It is worth remembering that during the early years of the original Kim’s reign, North Korea actually surpassed South Korea in prosperity. It was only after his death in 1994, and the elevation of Kim II, that years of inept centralized planning caught up. The state was managed into catastrophic ruin. Industry collapsed. Millions starved. People boiled grass and stripped the bark off trees in their desperate search for sustenance. Many Koreans who enjoyed prosperity during the original Kim’s reign saw a direct connection between his death and the famine and continuing disaster that followed under Kim II’s reign. Since anger against the Supreme Leader cannot be expressed directly, it registered in mounting reverence for the good old days, and the good old ruler.
If special status, divine inspiration, is carried in a bloodline, then physical similarity counts for a great deal. Some believe that a big factor—perhaps the biggest—in Kim’s ascendance may well have been how much he looks like his grandfather. In 2010, when pictures of Kim III were first made public by the family, everyone on the Korean peninsula was struck by the resemblance.
“He had the face of Kim Il Sung when he was young,” says Cheong. “Naming him as the heir captured the nostalgia of the North Korean people.”
Cheong is certain this is deliberate. There is a popular belief in Korea, gyeok se yu jeon, that inherited traits skip a generation. A grandson tends to be more like his father’s father than his own. This predisposed North Koreans to see the designated heir as a reincarnation of the beloved founder. And where nature falls short, artifice steps in. Whether or not he was ordered to bulk up, there’s no doubt that Kim’s expansion has given him the patriarch’s rotundity. There are even reports, Cheong says, that he was flown to Germany for plastic surgeons to tweak his facial features in order to enhance the resemblance. It seems more likely that the young man simply looks like his grandfather, but there is little doubt that Kim works at enhancing the visual connection. You see it in his his odd haircut, in his clothing, and in the way he walks and moves like a much older man in public appearances. In a steady stream of publicity stills, he adopts the stances, gestures, and facial expressions of his grandfather—or, rather, of the painted images of Kim Il Sung in generations of party propaganda.
What’s he really like? A man in his position has few unguarded moments. Bill Richardson, formerly New Mexico’s governor and a congressman from New Mexico, has served as U.S. ambassador to the UN and has negotiated with North Korean leaders in Pyongyang during visits there on several occasions. He has retained high-level contacts in North Korea and remains deeply interested in the country.
“So let me first give you what others in North Korea have told me about him,” Richardson told me in a phone interview. He was kind enough to jot down some of his impressions before we spoke:
Number one—He frequently jokes with other officials about not knowing anything, that he is new, and young, and he has no experience. He actually thinks that is funny. So that is one. Number two, that he seems to be insecure.
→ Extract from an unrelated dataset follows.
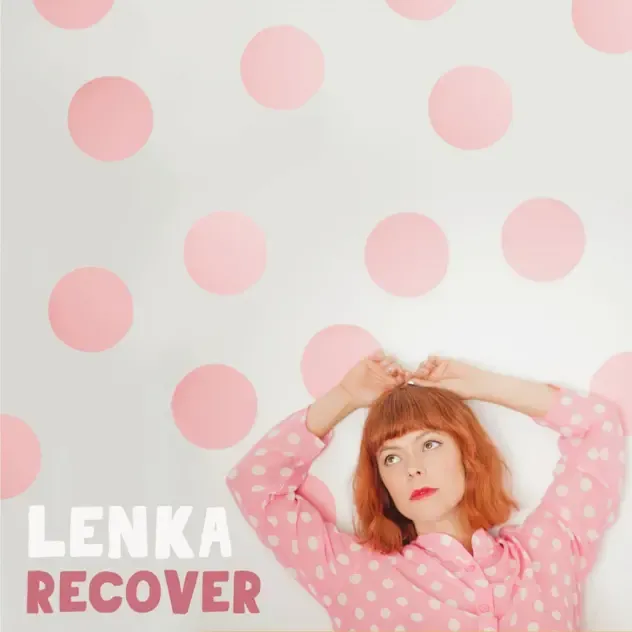 Lenka – Recover EP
However, he hears no one, and he does not like to be briefed about issues. However, that does not mean he is not street smart nor he is not skillful. Surmising the way he has replaced the people, especially in the military, that he felt were not his people, he has actually done that quite effectively. And brought his own people in or people that he thinks are more loyal to him. But it strikes me that he feels, by his actions, by his bluster, and by his missile launchings, that he is trying to consolidate his power. Which, even after more than [three years], he feels, he still has a way to go.
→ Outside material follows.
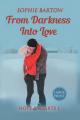  From Darkness into Love: A Small Town Second Chance Mystery Romance - LARGE PRINT 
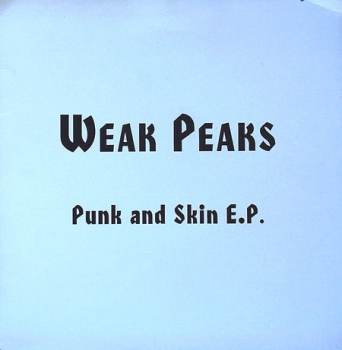 Weak Peaks - Punk & Skin E.P. - 7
Of course, none of this hesitancy or insecurity is displayed in public. No one in North Korea displays what he really thinks or feels in public.
3. Theater
Kang Mi Jin comes by her insights into North Korea the hard way. A small, very delicate woman whose polite and quiet demeanor masks steel, she fled the country twelve years ago with her then eleven-year-old daughter, crossing the Yalu River into China. Living in Changsong county in the mountainous North Korean border region, she was doing reasonably well as a single mother, working long hours for the People’s Army Welfare Bureau and supplementing her income by selling produce from a booth in a neighborhood market. When she resisted payoff demands from the local police, she says, they began looking for ways to harass her and her family. A friend tipped her off that she was about to be arrested and sent to a prison camp, so Kang plotted her escape. In the winter of 2008, she and her daughter walked a two-hundred-yard strip along the river for a month, studying the shifts, habits, and patrols of border guards. They found a place where two guards routinely met patrolling from different directions, and then parted, walking away from each other. This happened every day between 6:30 and 6:40 p.m. After consulting with a fortune-teller, Kang and her daughter waited for the guards to part and then simply walked across the frozen Yalu into China near the Changbai Malugouzhen Protection Station. Another escaping woman they met on the other side was immediately seized by bandits and sold into slavery. They were more fortunate. A sympathetic woman helped Kang make contact with relatives in China, and she eventually made her way to Seoul, where she now writes stories for Daily NK, an activist website that reports on human rights abuses and agitates for democratic reforms.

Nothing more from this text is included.